Voyager 1 şu an Güneş'ten yaklaşık 24 milyar km uzakta. Saatte 61.000 km hızla ilerliyor.
Voyager 2 biraz daha geriden geliyor.
Yıldızlararası boşlukta ilerleyen bu araçlar, önümüzdeki on binlerce yıl boyunca yakın yıldızların yanından geçecek. Hesaplara göre Voyager 1, yaklaşık 40 bin yıl sonra “Gliese 445” adlı bir kırmızı cüce yıldızın yakınından geçecek.

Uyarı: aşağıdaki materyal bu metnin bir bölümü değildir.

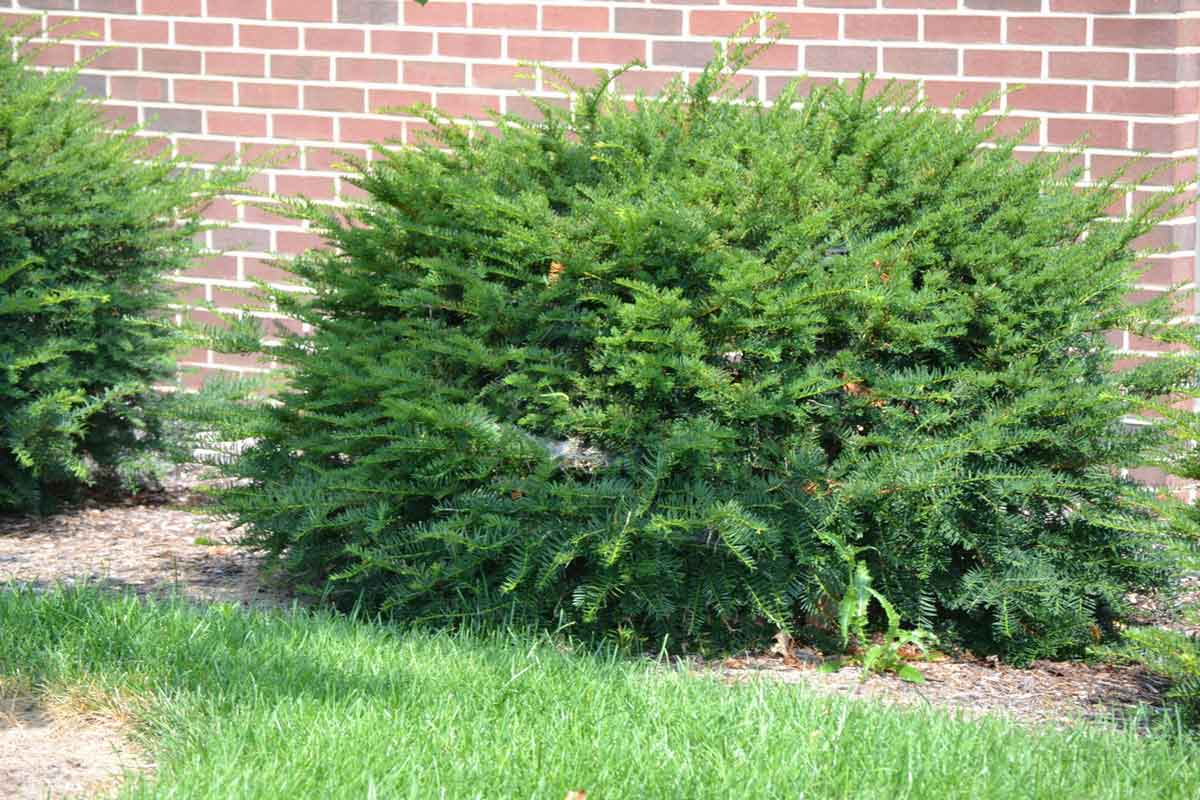 Yew shrub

Yani aslında bu araçlar, bizim uygarlığımızdan çok daha uzun süre yolculuğa devam edecek.
İnsanlığın Sonsuzlukla Pazarlığı
Golden Record'un asıl büyüsü, evrene gönderilmiş bir mesaj olmasında değil, insanın kendi varoluşuna verdiği cevap olmasındadır.
Belki hiçbir uygarlık o plağı bulmayacak. Belki sonsuz boşlukta kaybolacak. Ama mesele bu değil. Asıl mesele şudur: İnsan, kendi hikâyesini anlatma ihtiyacını yıldızların arasına taşıdı.
İnsanı insan yapan şey, hikâyeler yaratma yeteneğidir. Mağara resimleri, destanlar, kutsal kitaplar, dijital kodlar… Ve şimdi, yıldızlara gönderilmiş bir plak.
Golden Record aslında evrene değil, kendi yalnızlığımıza gönderilmiş bir mektuptur. Ve bu mektubun ilk cümlesi şudur:“Merhaba. Biz Dünya denen küçük bir gezegenden geliyoruz. Biz, hikâye anlatan varlıklarız.”